Site du Mémorial de Puyloubier.


Betrich: adjudant-chef légionnaire de la 2e section de la compagnie antichars du I/13e D.B.L.E. Il se distingue lors des combats de Mat Cat en Cochinchine, le 19.06.1946.

Charton Pierre: né en 1903 ; sorti de Saint-Cyr en 1925 ; officier de la Légion depuis 1928 ; il participe à la conquête du Maroc ; commandant, premier chef du 2e bataillon du R.M.L.E. affecté au C.C.4 de la 5e D.B. ; grièvement blessé à Hachimette lors des combats du 13.12.1944 ; campagne d’Indochine de 1946 à 1950 avec la 13e D.B.L.E. ; lieutenant-colonel, adjoint au colonel Constans, chef de corps du 3e R.E.I. en 1949-1950 ; commandant de Cao-Bang en octobre 1950 ; pour la retraite de Cao-Bang, il dispose de trois bataillons : le III/3e R.E.I. du commandant Forget, un bataillon de partisans et un Tabor en renfort. Vieux légionnaire, il admet mal l’évacuation de la ville sans combat. Blessé, sauvé par ses galons, fait prisonnier par les Viets. Quatre ans de captivité. Libéré le 05.09.1954. Il revient vieilli avant l’âge, sa carrière de glorieux soldat terminée. Décédé en 1987.

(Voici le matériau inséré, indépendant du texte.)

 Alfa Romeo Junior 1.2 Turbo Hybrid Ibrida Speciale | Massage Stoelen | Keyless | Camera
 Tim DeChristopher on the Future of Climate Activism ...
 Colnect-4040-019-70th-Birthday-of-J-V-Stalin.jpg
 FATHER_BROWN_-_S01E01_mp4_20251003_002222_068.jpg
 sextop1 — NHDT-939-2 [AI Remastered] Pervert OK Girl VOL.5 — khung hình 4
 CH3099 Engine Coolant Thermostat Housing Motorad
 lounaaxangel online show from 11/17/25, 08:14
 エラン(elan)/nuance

Dufour: sous-lieutenant légionnaire ; chef de la 1ère section de la compagnie antichars du I/13e D.B.L.E. Il se distingue lors des combats de Mat Cat en Cochinchine, le 19.06.1946.

Faucon Henri Lucien: né le 17.04.1917 à Sézanne dans la Marne ; capitaine légionnaire, chef de la compagnie antichars du I/13e D.B.L.E. Il se sacrifie pour sauver ses camarades lors des combats de Mat Cat en Cochinchine, le 19.06.1946. Disparu au combat. Selon des témoignages, blessé, il est capturé ; soigné, enfermé dans une cage ; il est condamné à mort le 5 juillet et jeté dans une fosse souterraine ; il arrive à s’évader avec un Annamite ; après trois jours de poursuite, il est rattrapé le 10 juillet. Seul, sans arme, il résiste et il est blessé par les rebelles qui tirent sur lieu à bout portant avant d’être achevé à coups de coupe-coupe.

Rigot: sous-lieutenant légionnaire ; chef de la 2e section de la compagnie antichars du I/13e D.B.L.E. Il participe aux combats de Mat Cat en Cochinchine, le 19.06.1946.

Struszina: adjudant légionnaire, chef de la 3e section de la compagnie antichars du I/13e D.B.L.E. Il se sacrifie pour sauver ses camarades lors des combats de Mat Cat en Cochinchine, le 19.06.1946.